To summerize, you have to copy the libraries needed out to the compute 
nodes because CHARMM is doing an open() rather then a dlopen(). Since 
libcache only traps proper dlopen() calls rather then open(), opening 
the library fails, and hence the segfault.

-Joshua Bernstein
Software Engineer
Scyld Software


> 
> 
> -------- Original Message --------
> Subject:     [scyld-users] Problem running Charmm on Scyld cluster
> Date:     Tue, 14 Mar 2006 17:29:40 -0700
> From:     Andre Kerstens <akerstens at utep.edu>
> Organization:     UTEP
> To:     scyld-users at beowulf.org
> 
> 
> 
> Hello all,
> 
> We have recently bought a Penguin cluster with Scyld release 29cz 
> (29cz-5u0001 200506091805) on it and are trying to get a statically 
> compiled version of Charmm to run on the nodes. The problem is that 
> Charmm runs fine on the master node, but segfaults as soon as it is 
> migrated to a compute node.

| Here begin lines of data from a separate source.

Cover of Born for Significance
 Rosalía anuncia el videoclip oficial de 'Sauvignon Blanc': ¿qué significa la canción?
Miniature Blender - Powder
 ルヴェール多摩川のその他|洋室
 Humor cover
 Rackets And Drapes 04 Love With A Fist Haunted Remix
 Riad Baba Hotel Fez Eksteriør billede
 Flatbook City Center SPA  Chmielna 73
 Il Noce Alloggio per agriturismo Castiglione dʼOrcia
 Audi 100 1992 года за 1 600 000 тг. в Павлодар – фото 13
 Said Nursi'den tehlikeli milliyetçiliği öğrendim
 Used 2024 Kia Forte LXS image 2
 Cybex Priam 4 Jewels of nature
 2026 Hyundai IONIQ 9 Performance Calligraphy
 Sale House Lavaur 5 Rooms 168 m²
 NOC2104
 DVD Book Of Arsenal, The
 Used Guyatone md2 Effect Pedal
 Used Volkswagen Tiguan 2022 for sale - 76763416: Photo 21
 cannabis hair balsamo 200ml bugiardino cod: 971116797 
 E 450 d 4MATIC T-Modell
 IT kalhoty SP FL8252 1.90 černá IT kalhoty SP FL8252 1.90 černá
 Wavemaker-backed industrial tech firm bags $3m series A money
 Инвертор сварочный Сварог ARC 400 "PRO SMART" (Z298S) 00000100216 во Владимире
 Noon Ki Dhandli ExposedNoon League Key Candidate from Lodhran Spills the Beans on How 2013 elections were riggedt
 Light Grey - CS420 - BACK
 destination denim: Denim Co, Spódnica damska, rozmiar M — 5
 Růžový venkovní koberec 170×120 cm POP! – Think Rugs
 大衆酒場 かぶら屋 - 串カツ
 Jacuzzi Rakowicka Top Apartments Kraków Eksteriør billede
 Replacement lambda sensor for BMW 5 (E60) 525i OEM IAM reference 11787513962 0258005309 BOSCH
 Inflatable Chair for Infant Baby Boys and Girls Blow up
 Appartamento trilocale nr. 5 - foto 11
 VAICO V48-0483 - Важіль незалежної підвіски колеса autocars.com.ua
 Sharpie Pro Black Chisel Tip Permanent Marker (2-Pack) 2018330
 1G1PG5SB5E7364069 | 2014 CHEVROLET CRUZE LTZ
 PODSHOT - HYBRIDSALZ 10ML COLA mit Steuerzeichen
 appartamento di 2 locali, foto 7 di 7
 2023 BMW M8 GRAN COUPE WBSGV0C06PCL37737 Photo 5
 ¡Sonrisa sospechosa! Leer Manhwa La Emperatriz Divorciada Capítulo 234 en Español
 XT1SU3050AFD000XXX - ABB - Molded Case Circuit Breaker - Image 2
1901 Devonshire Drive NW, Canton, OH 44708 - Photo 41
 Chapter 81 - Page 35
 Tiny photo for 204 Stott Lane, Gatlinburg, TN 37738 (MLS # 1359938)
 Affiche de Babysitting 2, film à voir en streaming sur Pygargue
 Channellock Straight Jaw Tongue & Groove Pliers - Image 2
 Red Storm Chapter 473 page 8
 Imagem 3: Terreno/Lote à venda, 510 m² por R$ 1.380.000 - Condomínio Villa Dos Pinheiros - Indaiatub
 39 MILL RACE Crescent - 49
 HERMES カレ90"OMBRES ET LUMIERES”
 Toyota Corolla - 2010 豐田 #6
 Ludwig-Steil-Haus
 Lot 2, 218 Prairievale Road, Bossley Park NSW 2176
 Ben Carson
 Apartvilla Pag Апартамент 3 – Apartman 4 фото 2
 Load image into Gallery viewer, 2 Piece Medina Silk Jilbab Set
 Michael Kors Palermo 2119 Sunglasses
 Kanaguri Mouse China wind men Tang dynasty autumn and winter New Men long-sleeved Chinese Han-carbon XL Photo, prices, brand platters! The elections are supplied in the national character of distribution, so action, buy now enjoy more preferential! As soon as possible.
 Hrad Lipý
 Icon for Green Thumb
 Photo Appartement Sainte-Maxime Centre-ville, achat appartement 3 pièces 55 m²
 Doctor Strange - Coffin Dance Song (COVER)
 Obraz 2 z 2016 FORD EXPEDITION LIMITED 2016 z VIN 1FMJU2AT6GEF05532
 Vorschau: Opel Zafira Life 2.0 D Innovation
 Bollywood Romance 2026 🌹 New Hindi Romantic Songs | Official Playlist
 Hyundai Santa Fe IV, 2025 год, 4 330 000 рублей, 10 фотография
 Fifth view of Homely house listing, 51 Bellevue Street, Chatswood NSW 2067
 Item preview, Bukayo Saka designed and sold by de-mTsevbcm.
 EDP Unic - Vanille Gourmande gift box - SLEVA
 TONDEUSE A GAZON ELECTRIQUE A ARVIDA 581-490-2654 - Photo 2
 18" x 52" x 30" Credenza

From the strace below you can see that the 
> segfault happens after the library /lib64/ld-linux-x86-64.so.2 cannot be 
> found (it exists on the master node and is exported to the nodes in 
> /etc/beowulf/config though).
> 
> [akerstens at cluster 3ptb_1000110]$ bpsh 1 ./strace ./charmm64
> execve("./charmm64", ["./charmm64"], [/* 22 vars */]) = 0
> uname({sys="Linux", node=".1", ...})    = 0
> brk(0)                                  = 0x17a6dcc0
> brk(0x17a8ecc0)                         = 0x17a8ecc0
> brk(0x17a8f000)                         = 0x17a8f000
> times({tms_utime=0, tms_stime=0, tms_cutime=0, tms_cstime=0}) = 180579094
> times({tms_utime=0, tms_stime=0, tms_cutime=0, tms_cstime=0}) = 180579094
> times({tms_utime=0, tms_stime=0, tms_cutime=0, tms_cstime=0}) = 180579094
> access("charmm.inp", F_OK)              = 0
> open("charmm.inp", O_RDWR)              = 3
> fstat(3, {st_mode=S_IFREG|0775, st_size=23616, ...}) = 0
> access("charmm.out", F_OK)              = -1 ENOENT (No such file or 
> directory)
> open("charmm.out", O_RDWR|O_CREAT|O_TRUNC, 0666) = 4
> fstat(4, {st_mode=S_IFREG|0664, st_size=0, ...}) = 0
> open("/etc/localtime", O_RDONLY)        = 5
> fstat(5, {st_mode=S_IFREG|0644, st_size=877, ...}) = 0
> fstat(5, {st_mode=S_IFREG|0644, st_size=877, ...}) = 0
> mmap(NULL, 4096, PROT_READ|PROT_WRITE, MAP_PRIVATE|MAP_ANONYMOUS, -1, 0) 
> = 0x2a95556000
> read(5, "TZif\0\0\0\0\0\0\0\0\0\0\0\0\0\0\0\0\0\0\0\4\0\0\0\4\0"..., 
> 4096) = 877
> close(5)                                = 0
> munmap(0x2a95556000, 4096)              = 0
> readlink("/proc/self/fd/0", "socket:[5816]", 511) = 13
> ioctl(0, SNDCTL_TMR_TIMEBASE or TCGETS, 0x7fbfffee90) = -1 EINVAL 
> (Invalid argument)
> getuid()                                = 500
> socket(PF_UNIX, SOCK_STREAM, 0)         = 5
> fcntl(5, F_GETFL)                       = 0x2 (flags O_RDWR|O_LARGEFILE)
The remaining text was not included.